What you have to do:
Please return the full listing exactly as written, with the images removed.

Given material:
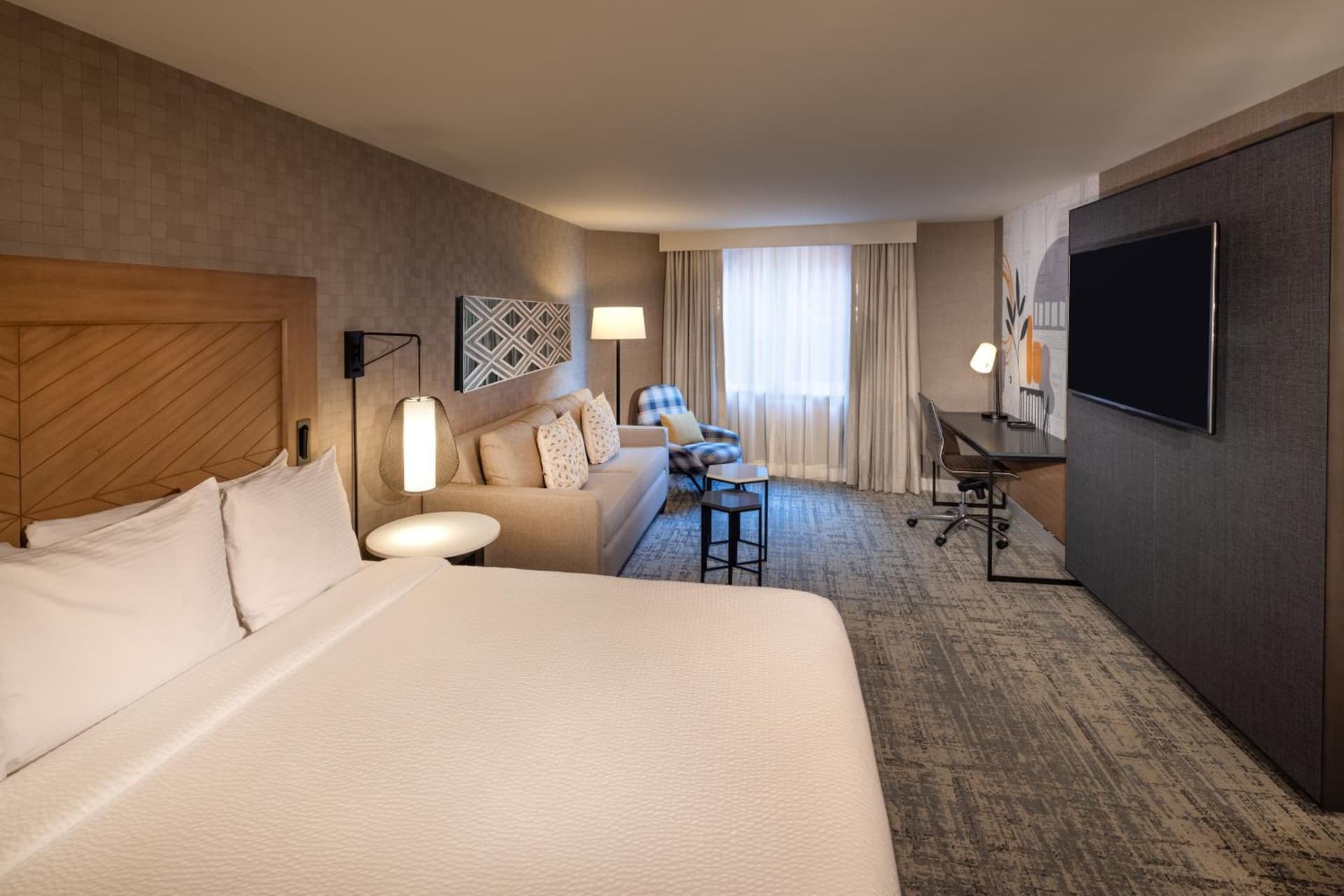 Silver Cloud Hotel - Seattle Stadium interior in Seattle, WA — gallery photo 2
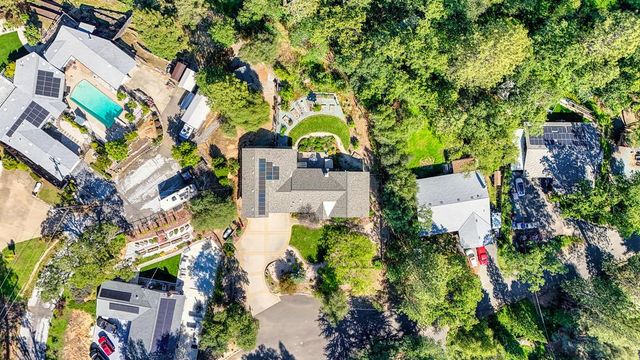1380 Katie Ln, Placerville, CA 95667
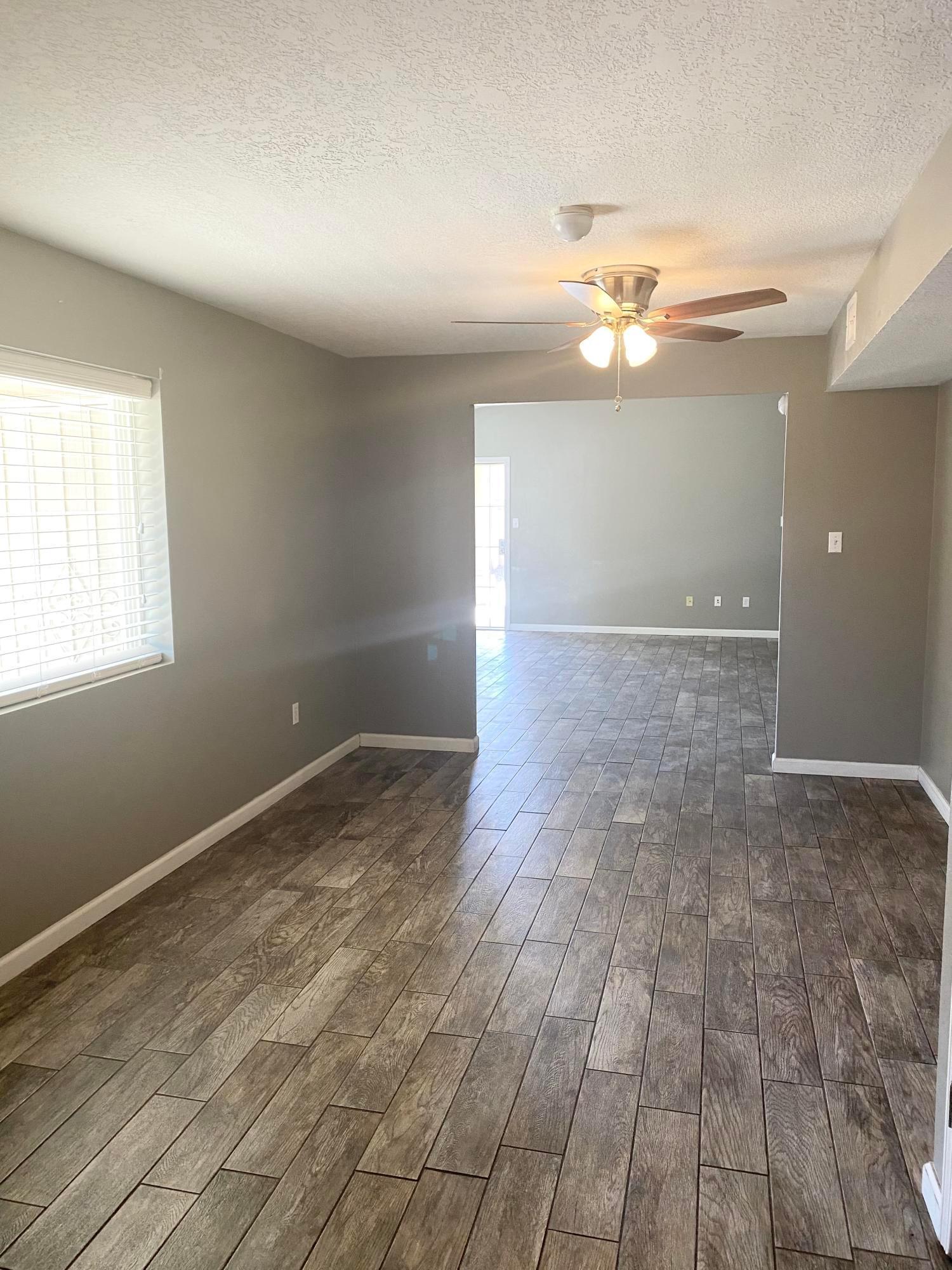 Photo 18 — 9016 Anacapa Avenue NW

Result for this task:
 Silver Cloud Hotel - Seattle Stadium interior in Seattle, WA — gallery photo 2
1380 Katie Ln, Placerville, CA 95667
 Photo 18 — 9016 Anacapa Avenue NW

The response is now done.